Sans innovations technologiques, le « Made in Italy » se retrouve confronté à un possible déclassement de son industrie. Mais c’est sans compter sur la créativité et la rapide capacité d’adaptation des Italiens. Élément essentiel du kit de survie post-confinement, le développement du numérique (communication, e-commerce, télétravail, etc.) est la porte de salut de ce fleuron de l’économie italienne. D’autant plus que comme la France, la péninsule a accumulé beaucoup de retard dans ce domaine.
Lors de la première vague, les Italiens qui préfèrent habituellement la vente physique ont vu leurs habitudes de consommation contrariées par le confinement, puis par les mesures plus ou moins restrictives pendant l’entre-deux-vagues. Et si cela a bénéficié au géant Amazon ainsi qu’à de nombreuses enseignes de prêt-à-porter (Mango, Zara, H&M, etc.), beaucoup de marques locales ont durement payé leur manque de numérisation. D’autant plus que les services de vente digitale étaient déterminés par les conditions sanitaires de travail de leurs salariés.
Pour remédier à cela, l’agence publique Italian Trade Agency (ITA) qui soutient les PME italiennes capables d’allier innovation et tradition, ainsi que les entreprises familiales offrant des produits démontrant un savoir-faire de haute qualité, mais ayant des capacités de production réduites, a par exemple mis à disposition de l’industrie une plateforme digitale permettant aux marques de faciliter leurs échanges commerciaux avec leurs clients (particuliers et entreprises).

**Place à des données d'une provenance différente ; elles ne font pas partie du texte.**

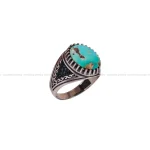 انگشتر فیروزه شجری مردانه کد 2853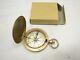 WWII US Army Air Force AAC Waltham Brass Pocket Field Compass withBox
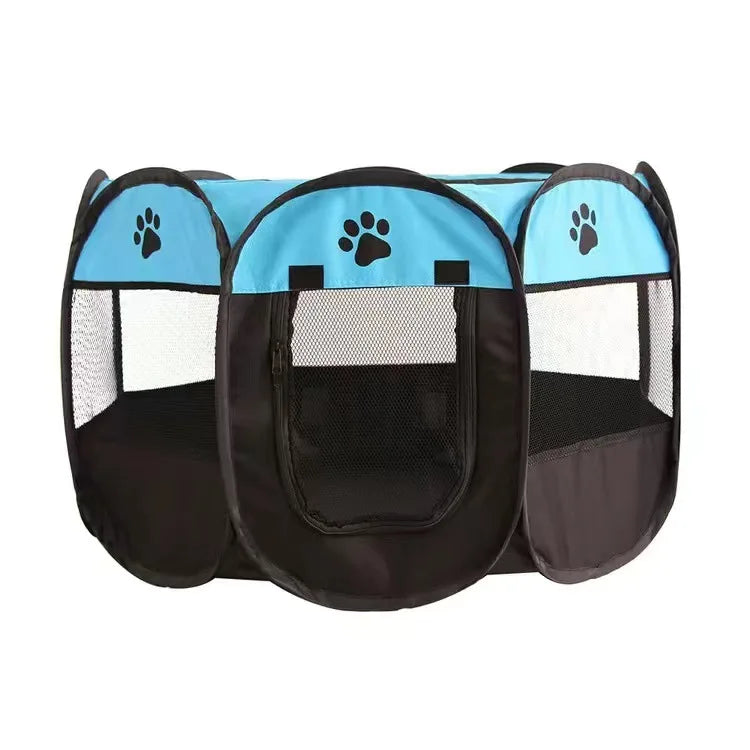 Foldable Octagonal Pet Tent Playpen for Cats Dogs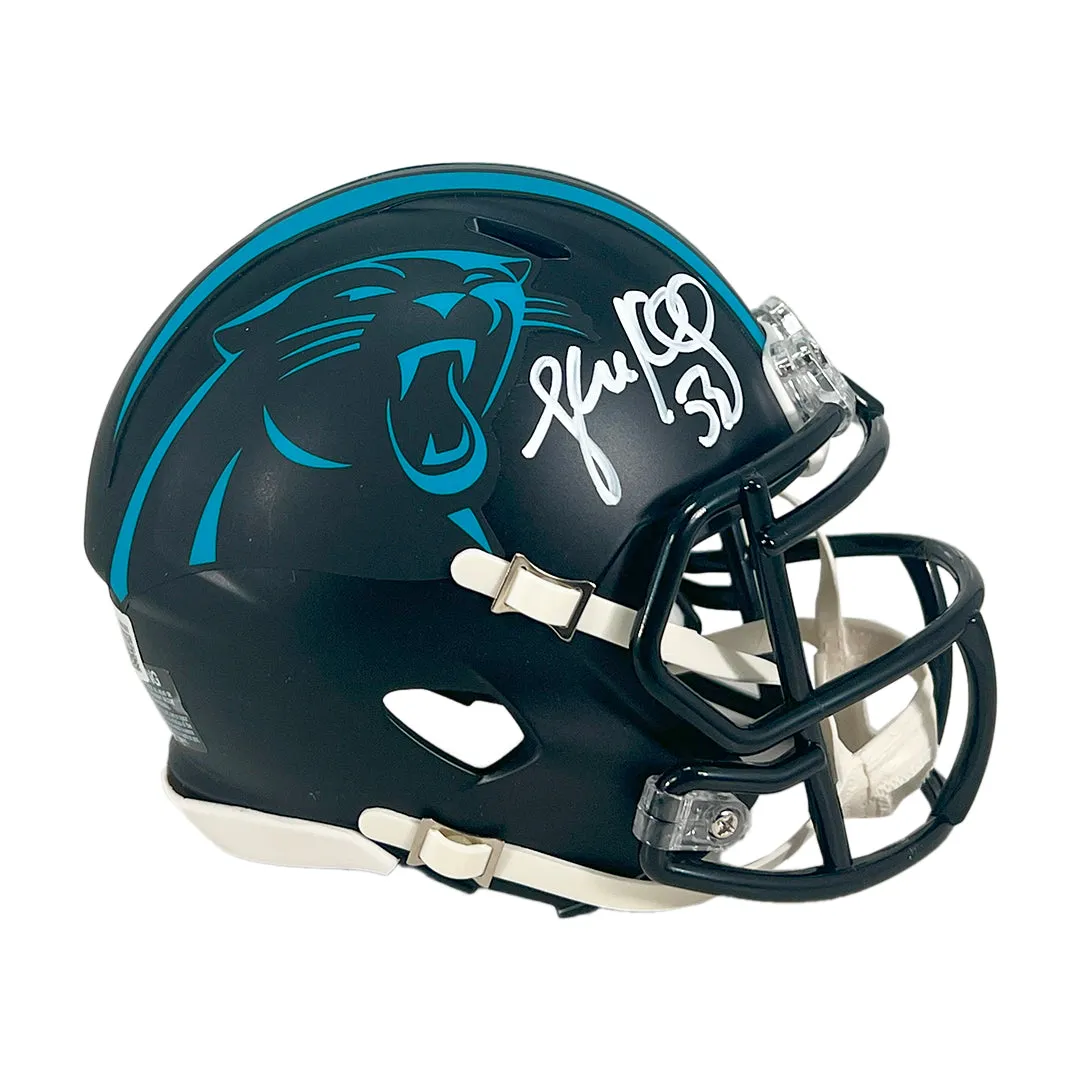 Luke Kuechly Signed Carolina Panthers Alternate 2022 Mini Football Helmet (Beckett)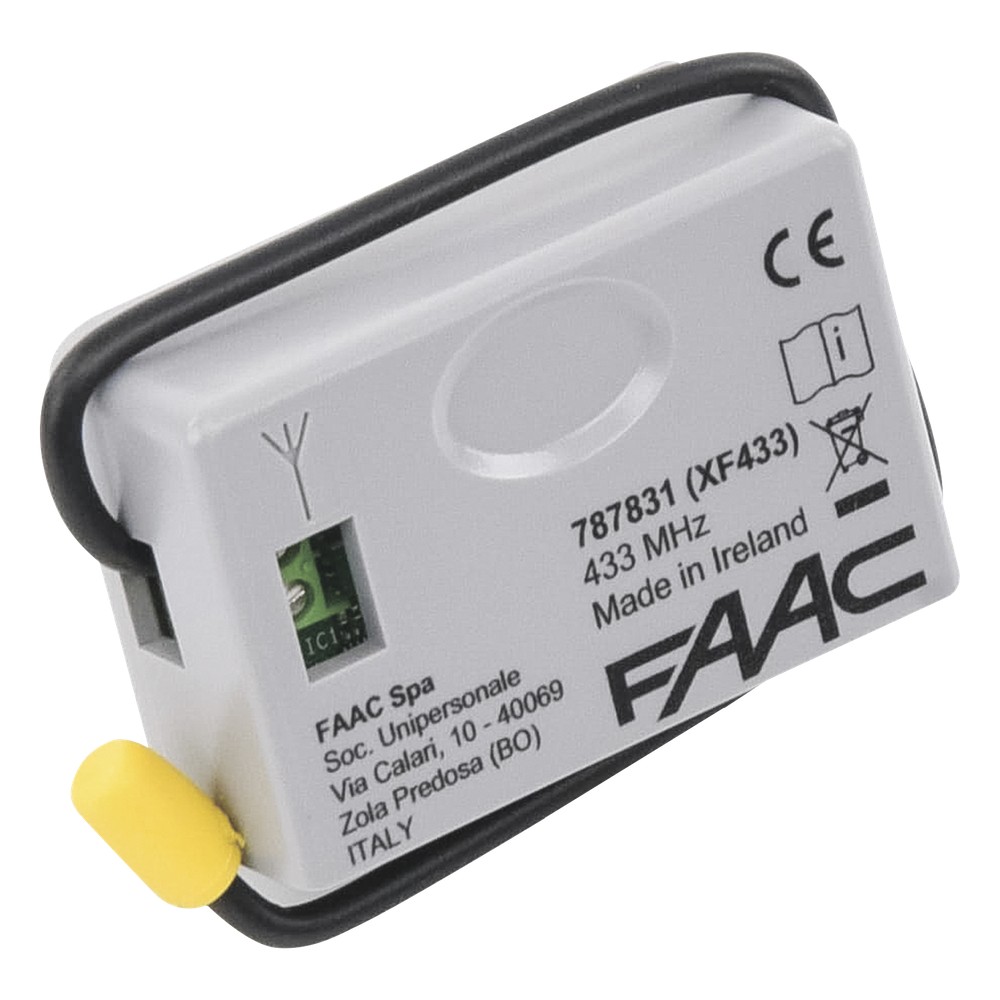Receptor inalámbrico XF 433 para operador FAAC S418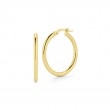 Roberto Coin 18kt Yellow Gold Thin 25mm Hoop Earrings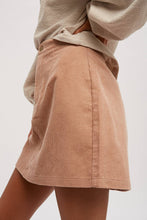 CORDUROY MINI SKIRT
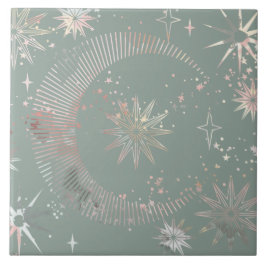 Azulejo De Cerâmica Starburst Verde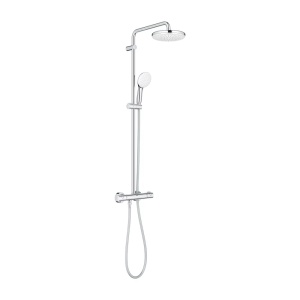 Coloana de dus cu baterie termostatata Grohe Tempesta 210 finisaj crom lucios - Img 2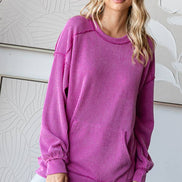 Ribbed Tunic Top w/Pockets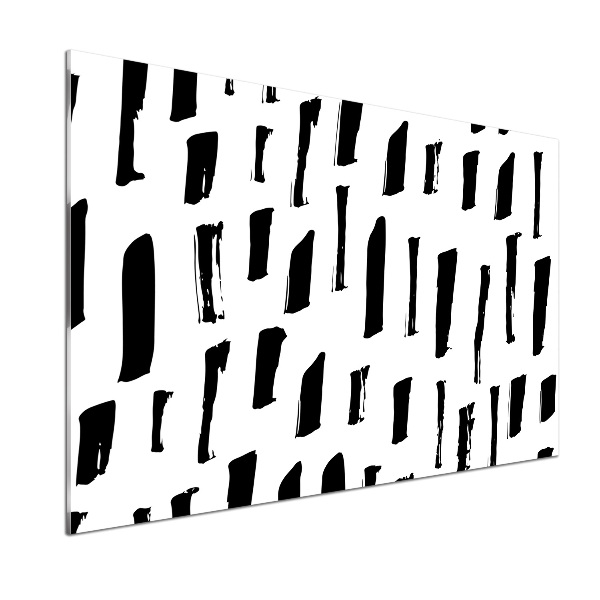 Glazen achterwand keuken Zwart-witte vlekken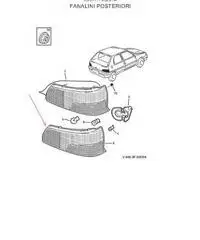 COPERCHIO FANALINO POSTERIORE SX PEUGEOT 106 COD 63524 - Calabria COPERCHIO FANALINO POSTERIORE SX PEUGEOT 106 COD 63524 - Calabria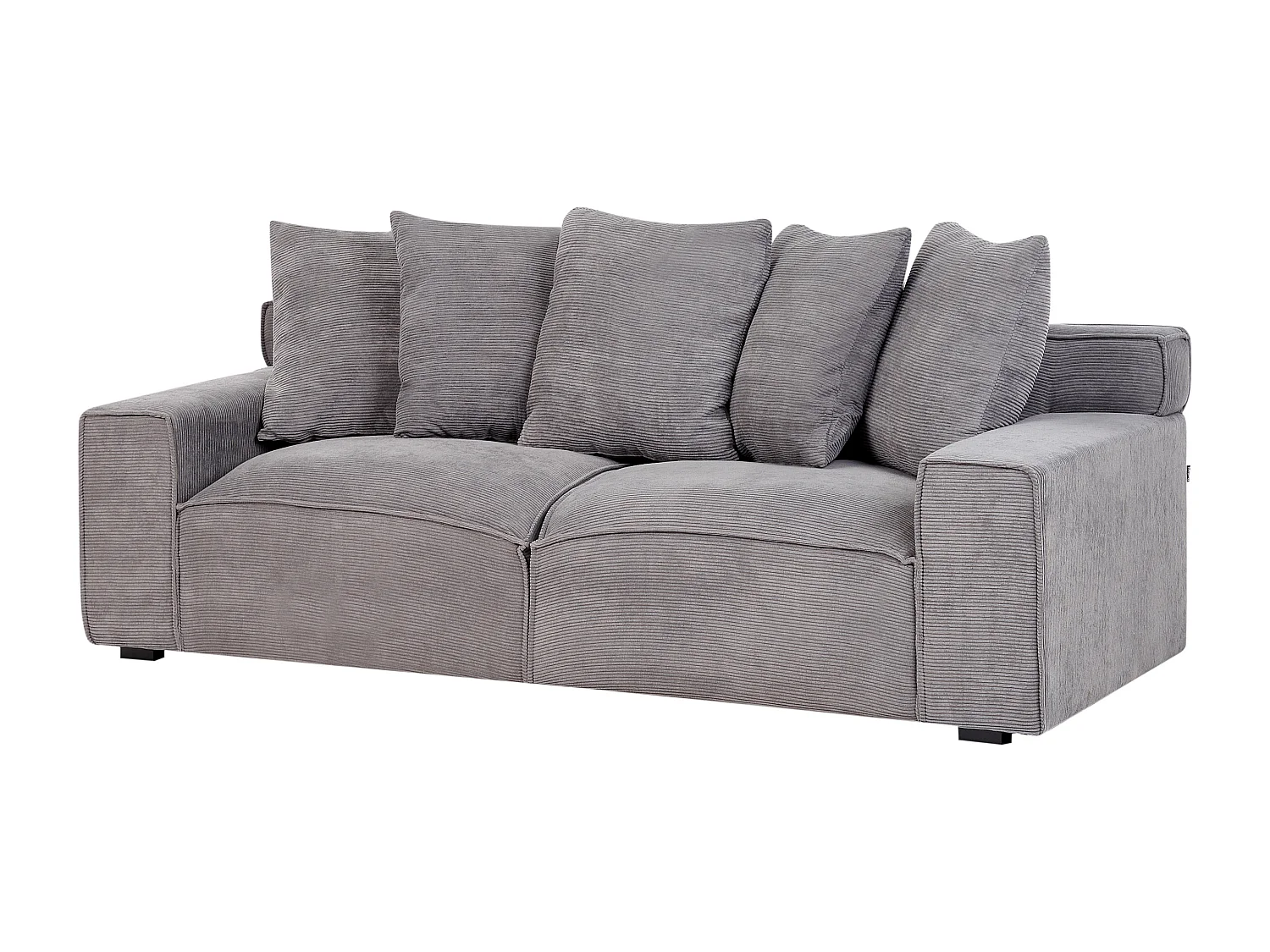 Bank VISKAN Corduroy Donkergrijs 3-zitter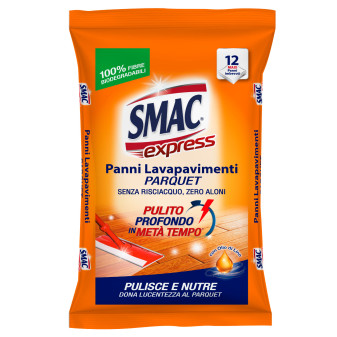 Smac Express Panni Lavapavimenti Parquet con Olio di Lino Senza Risciacquo...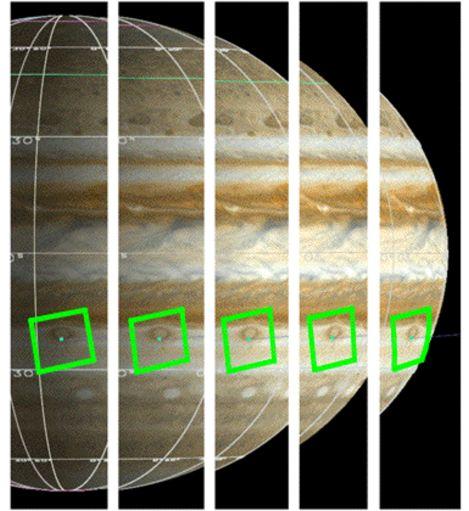 Jupiter Science: Spatial Resolution Best VIS/NIR resolution surpasses Voyager, Galileo, New Horizons Spatial resolutions (per pixel) from 9.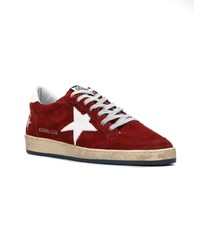 Baskets basses en daim bordeaux Golden Goose Deluxe Brand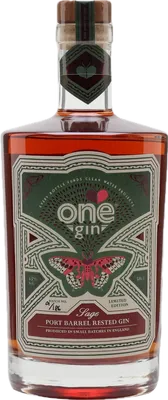Bouteille de spiritueux : Port Barrel Rested Gin de la marque One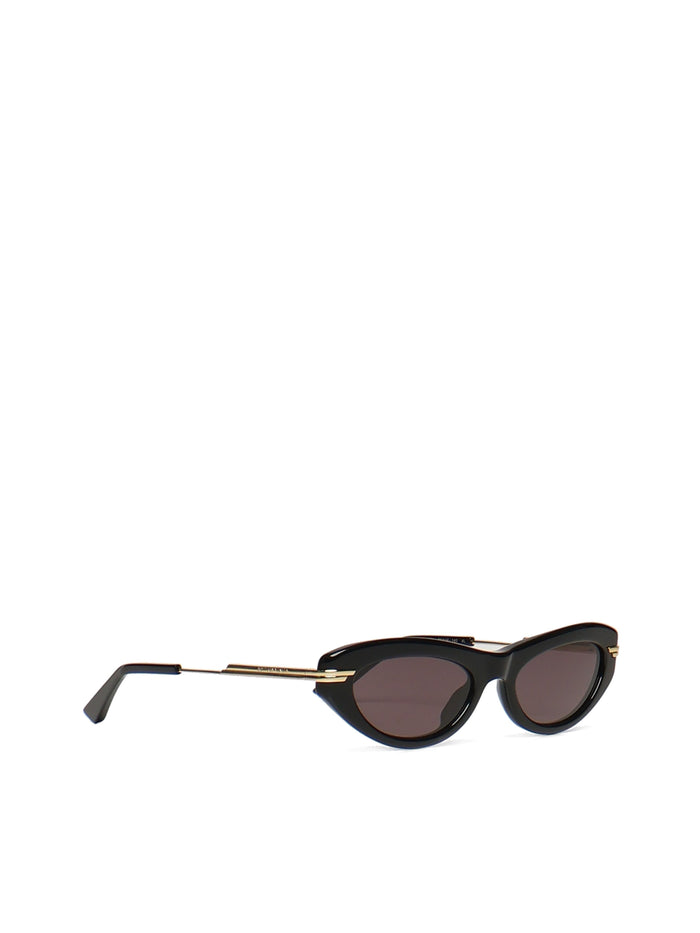 Bottega Veneta Sunglasses Black-gold-grey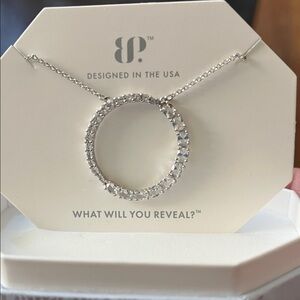 Elegant Silver Necklace with Crystal Accents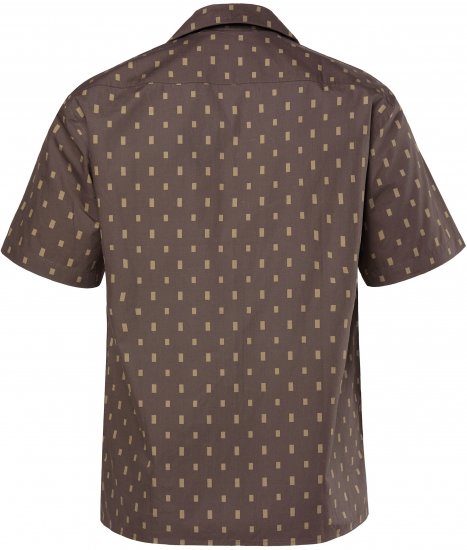 JP1880 Boxy Cuba Short Sleeve Shirt Brown - Košulje - Muške Košulje Veliki Brojevi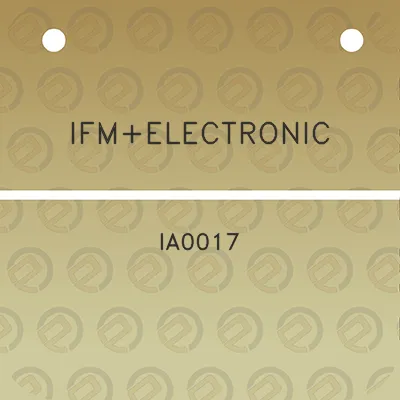 ifmelectronic-ia0017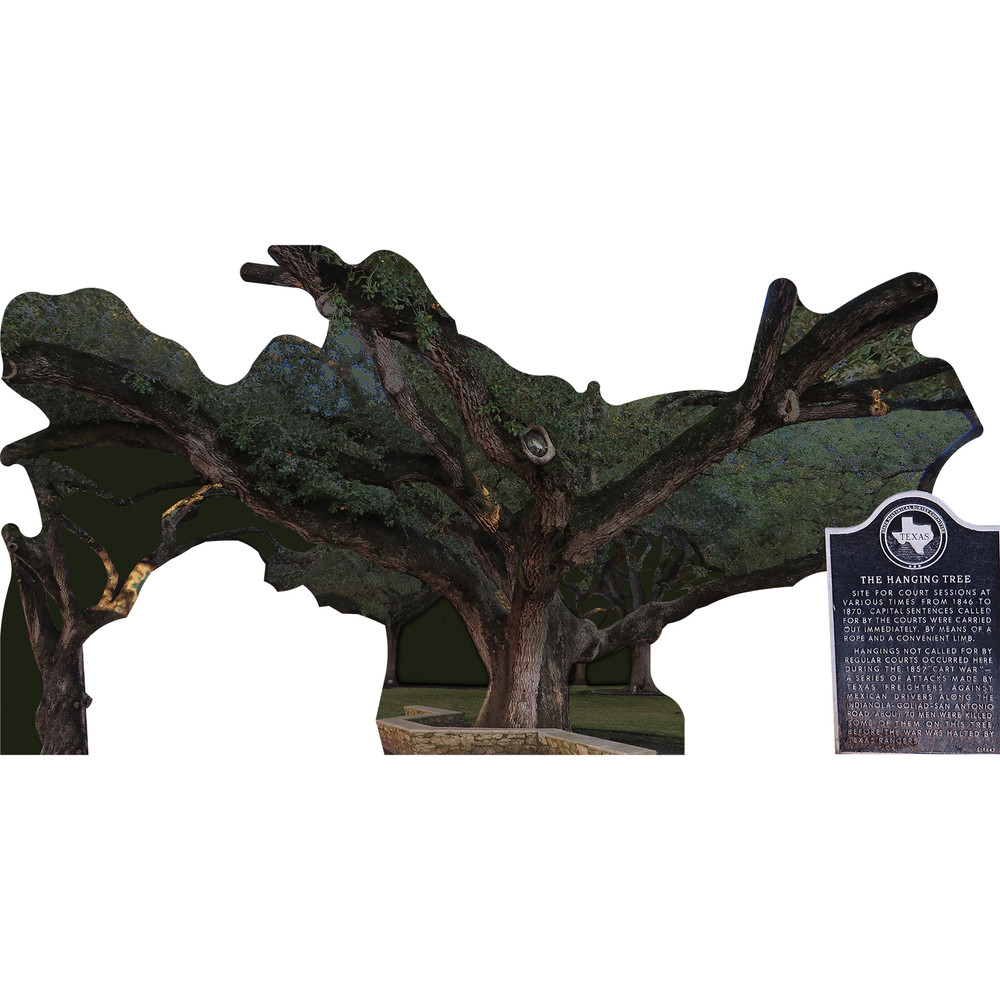 SP13253 Goliad Texas Hanging Tree Old West Frontier Justice Cardboard Cutout Sta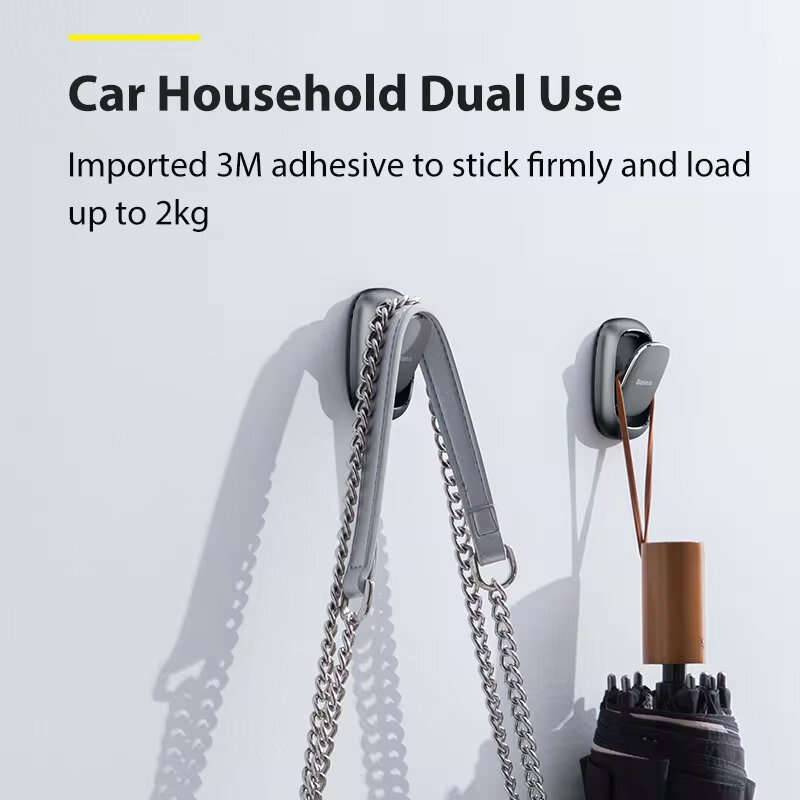 Baseus Auto Fastener Clip Vehicle Hooks For Bag USB Cable Storage Organizer Key Hanger Accessories 2
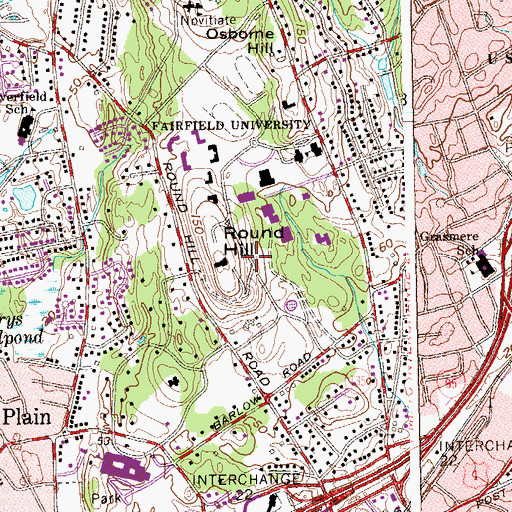 Topographic Map of Hopkins Pond, CT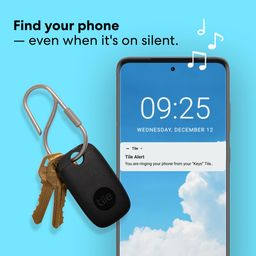 Tile Pro Bluetooth Item Finder, 1 Pack, 120m Finding Range, Compatible with Alexa & Google Smart Home, Upto 3 Years of Battery Life, iOS and Android Compatible, Find Your Keys, Remotes & More, Black image 5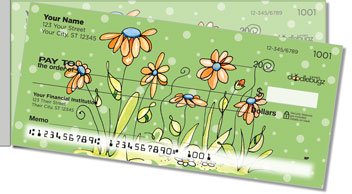 Orange Daisies Side Tear Checks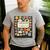 Composition Notebook Costume Teacher Matching Halloween Book Men's Casual T-Shirt Sport Grey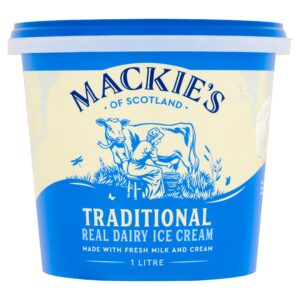 Mackie’s Traditional Real Dairy Ice Cream 1L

« La mode est une industrie saisonnière, et certaines dates ne sont pas négociables, » a très justement relevé Carlo Capasa, le président la Chambre Nationale de la Mode Italienne. Or, en raison des mesures restrictives, les salons, fashion week, showrooms et autres évènements rythmant l’univers de la mode, se sont retrouvés paralysés pendant plusieurs semaines, avant de pouvoir investir dans l’alternative numérique. Lancé le 24 septembre 2020, le site EXTRAITASTYLE offre par exemple à près de 80 marques présélectionnées par l’ITA, une plateforme digitale pour présenter leurs collections de manière originale, tout en interagissant avec leurs clients.
Loin d’être en reste, la célèbre Fashion Week de Milan, malgré des annulations successives a fini par digitaliser ses défilés de mode, avant d’opter pour une option phygitale à la fin de mois de septembre. Résultat 64 défilés ont pu se dérouler, dont 23 en présentiel, non pas sans essuyer quelques critiques. Ainsi Etro, Sportmax, Max Mara et bien d’autres se sont vu reprocher leur manque de précautions, ainsi qu’une certaine légèreté quant à l’approche imminente de la seconde vague, dans la mesure où, contrairement aux designers et aux invités, les modèles ne portaient pas de masques durant les défilés. Pour les 41 autres défilés, le génie et la créativité étaient le mot d’ordre, afin de rendre l’expérience de la Fashion Week en ligne inoubliable.